Problem details:
Output the listing word for word, minus pictures.

Supplied information:

Content starts

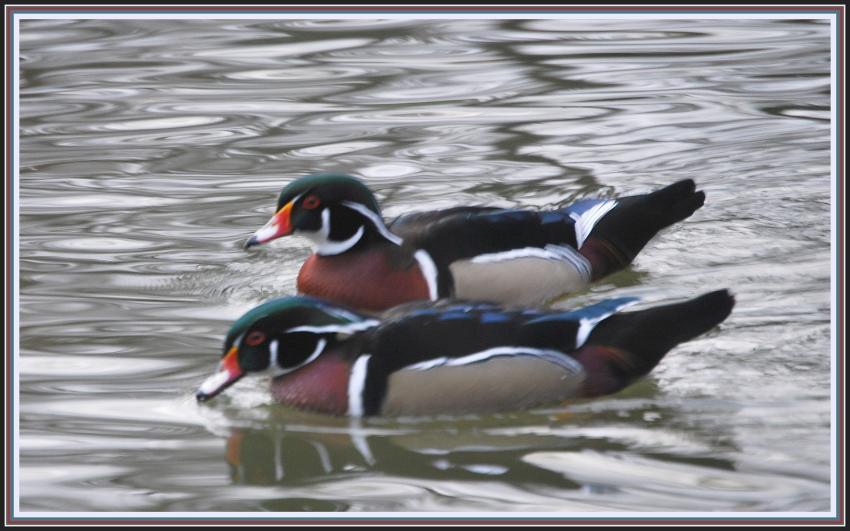 Canards carolins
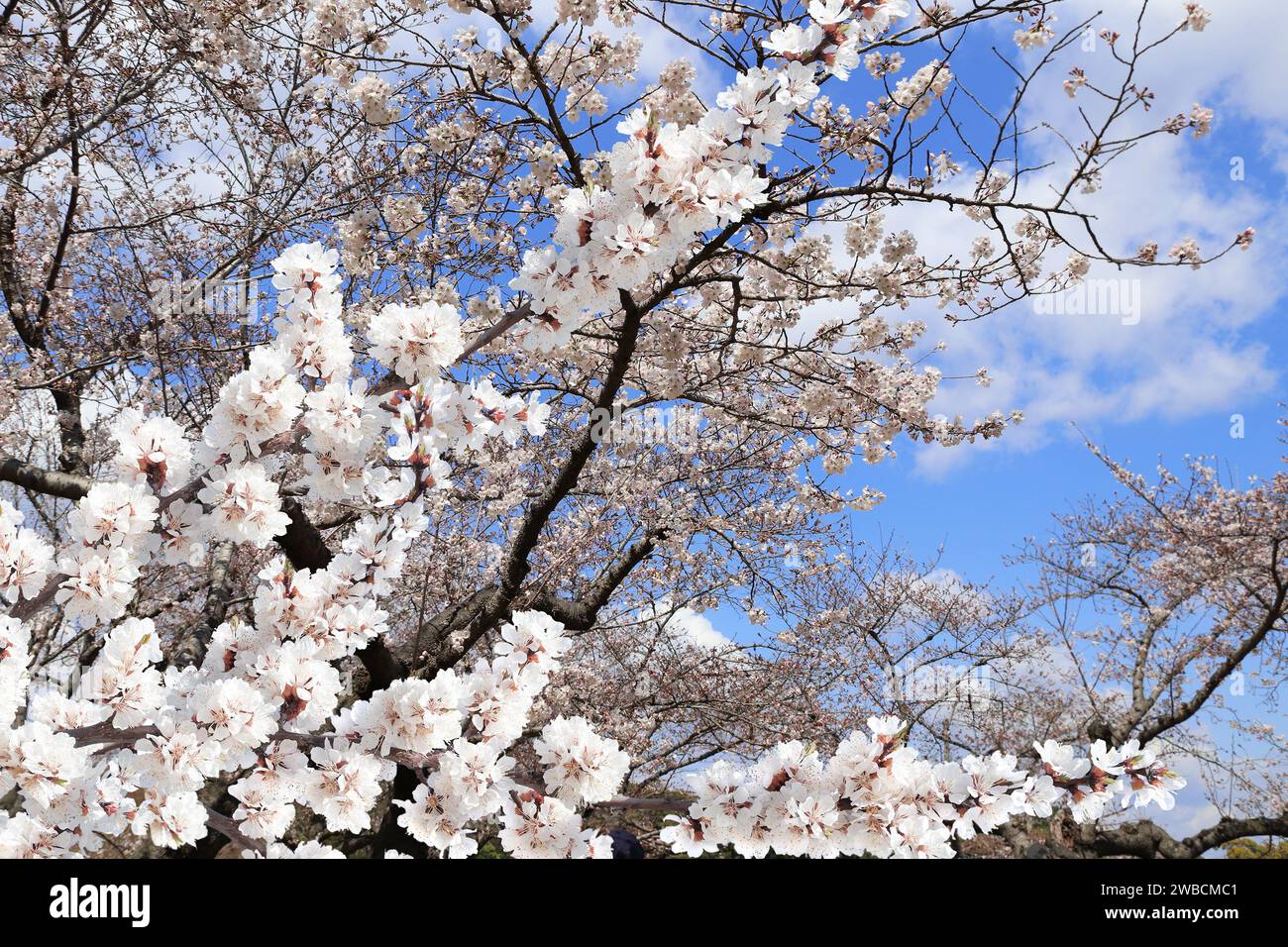 Zweig der blühenden Sakura mit weißen Blüten. Japanisches Hanami-Festival - Zeit, in der die Menschen die Sakura-Blüte genießen. Kirschblüte in Japa Stockfoto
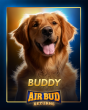 AIR BUD RETURNS Production Rolls in ‘Fernfield’ with Buddy and Ensemble Cast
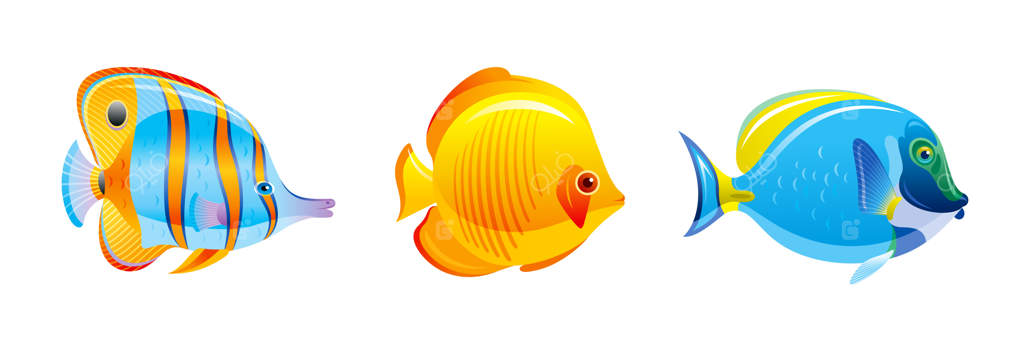مجموعه ماهی‌های گرمسیری. آیکون‌های وکتور آکواریوم یا دریا. حیوانات صخره‌های مرجانی زیر آب. مجموعه‌ای از موجودات دریایی مجزا.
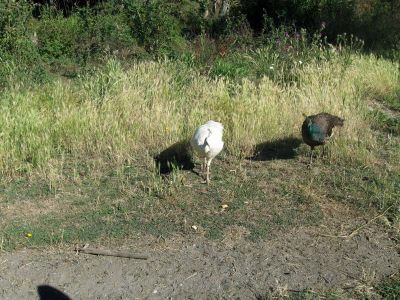 IMG_2142.jpg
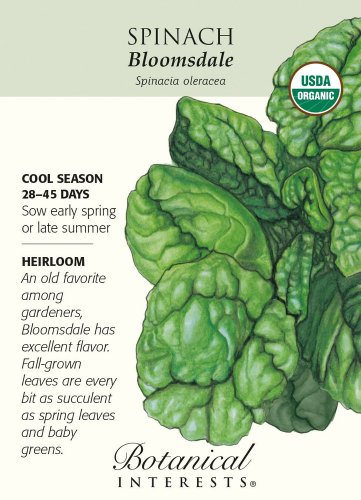 Bloomsdale Spinach Seeds 3 grams Certified Organic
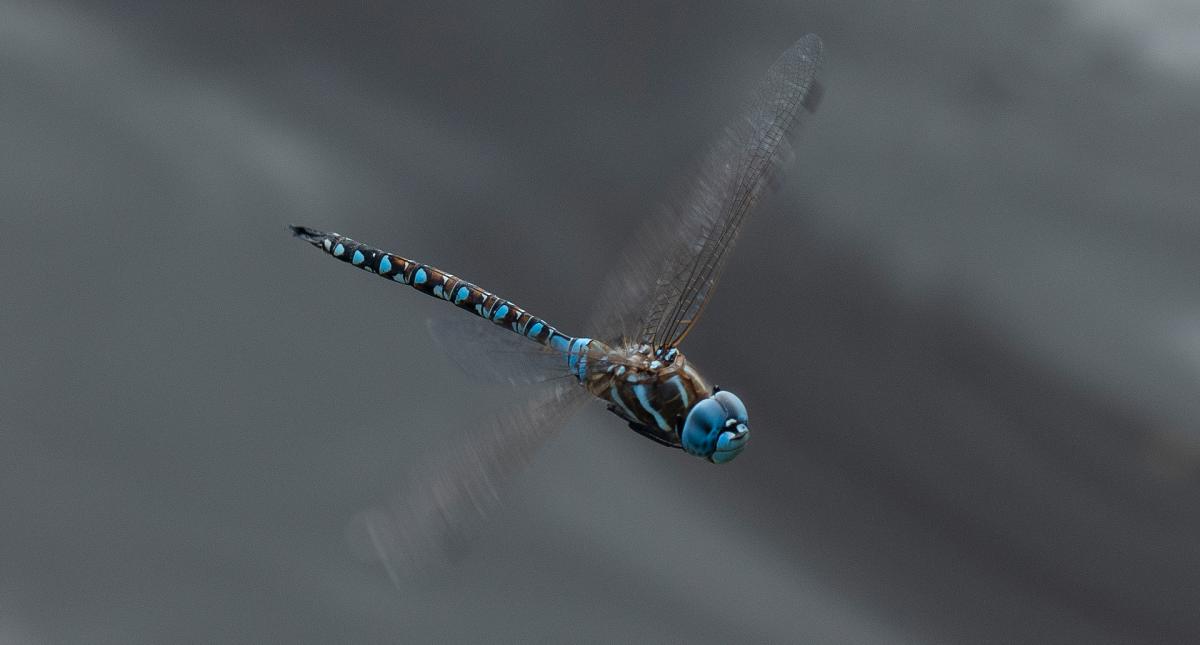 blue-eyed darner dragonfly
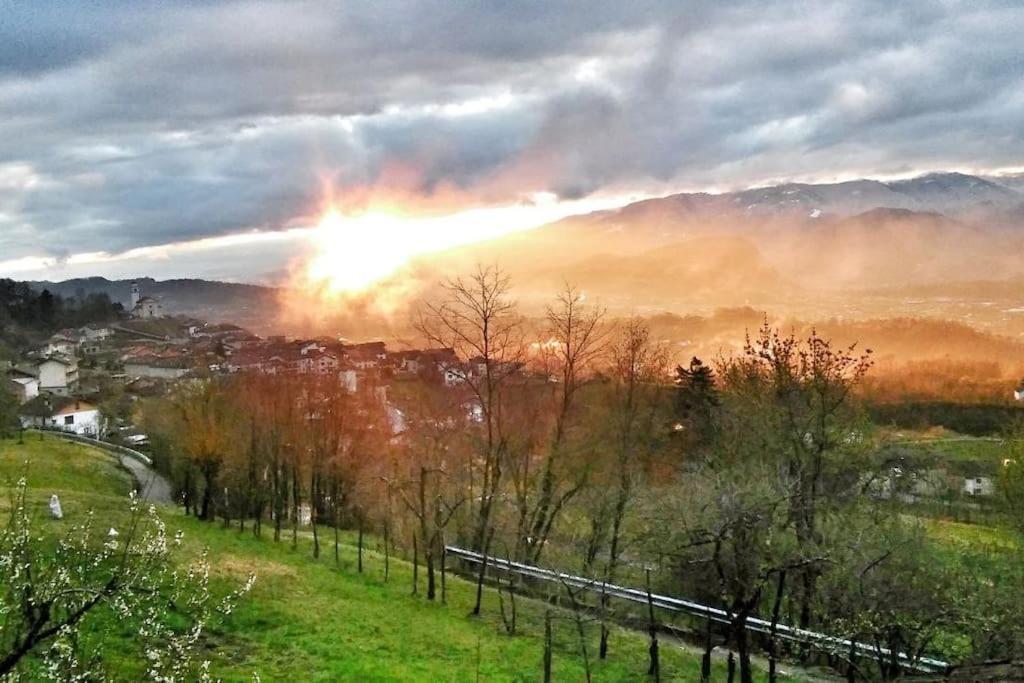 Casa Nella Natura Il Risveglio Degli Elfi ペダヴェーナ エクステリア 写真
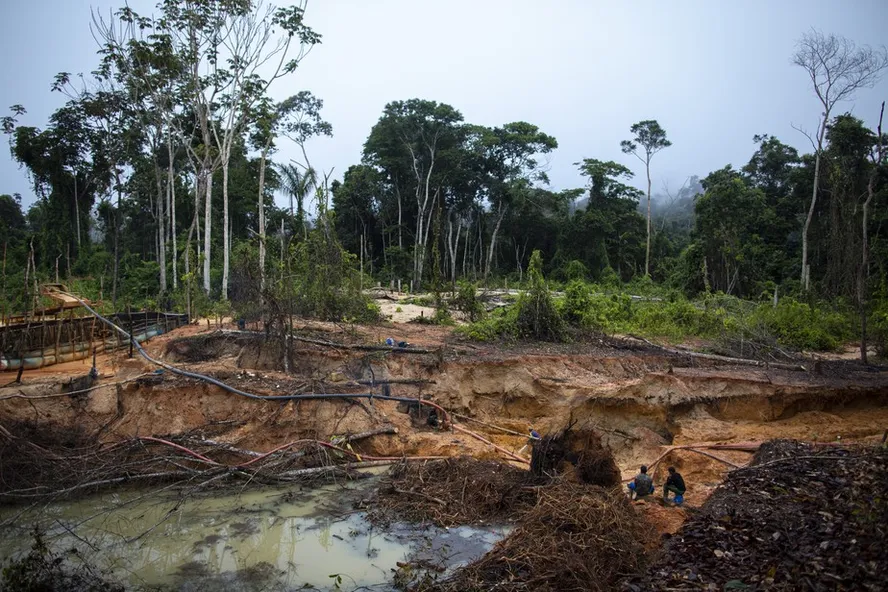 Garimpos ilegais de ouro podem emitir 3,5 toneladas de carbono por hectare e concentrar mercúrio no solo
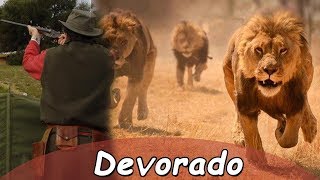 Cazador es devorado por leones  Historias felinas  40 [upl. by Oakie834]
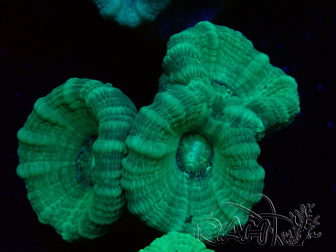 WYSIWYG Caulastrea furcata Grau/Blau
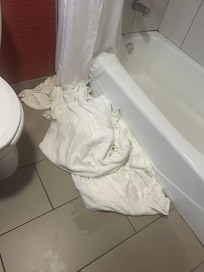 Amber came to clean and refresh towels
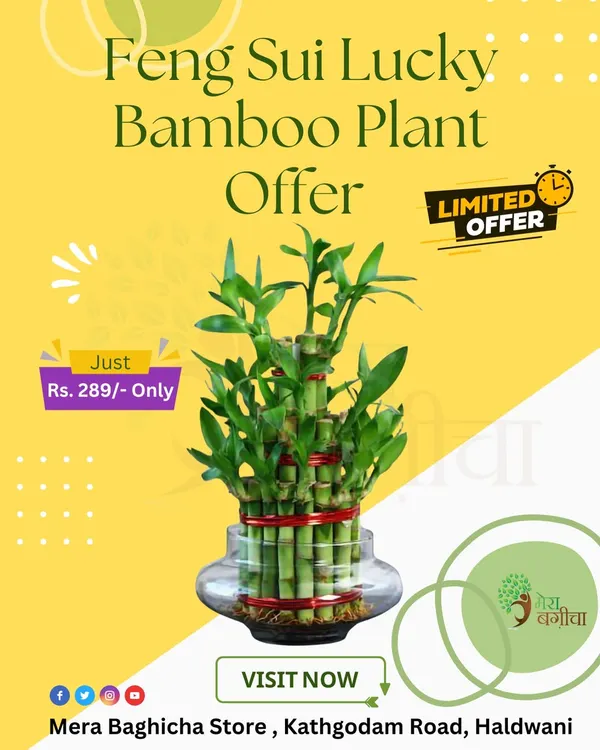 My Feng Shui Lucky Bamboo plant is a perfect gift to wish someone good fortune. This two-layer arrangement comes in a glass bowl and is available at my Haldwani store as part of a limited-time offer.
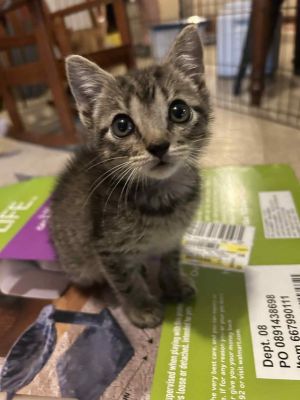 Tiny Tina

Content ends

Response below:
 Canards carolins
 Zweig der blühenden Sakura mit weißen Blüten. Japanisches Hanami-Festival - Zeit, in der die Menschen die Sakura-Blüte genießen. Kirschblüte in Japa Stockfoto
 AIR BUD RETURNS Production Rolls in ‘Fernfield’ with Buddy and Ensemble Cast
مجموعه ماهی‌های گرمسیری. آیکون‌های وکتور آکواریوم یا دریا. حیوانات صخره‌های مرجانی زیر آب. مجموعه‌ای از موجودات دریایی مجزا.
 IMG_2142.jpg
 Bloomsdale Spinach Seeds 3 grams Certified Organic
 blue-eyed darner dragonfly
 Casa Nella Natura Il Risveglio Degli Elfi ペダヴェーナ エクステリア 写真
 Garimpos ilegais de ouro podem emitir 3,5 toneladas de carbono por hectare e concentrar mercúrio no solo
 Cazador es devorado por leones  Historias felinas  40 [upl. by Oakie834]
 WYSIWYG Caulastrea furcata Grau/Blau
 Amber came to clean and refresh towels
 My Feng Shui Lucky Bamboo plant is a perfect gift to wish someone good fortune. This two-layer arrangement comes in a glass bowl and is available at my Haldwani store as part of a limited-time offer.
 Tiny Tina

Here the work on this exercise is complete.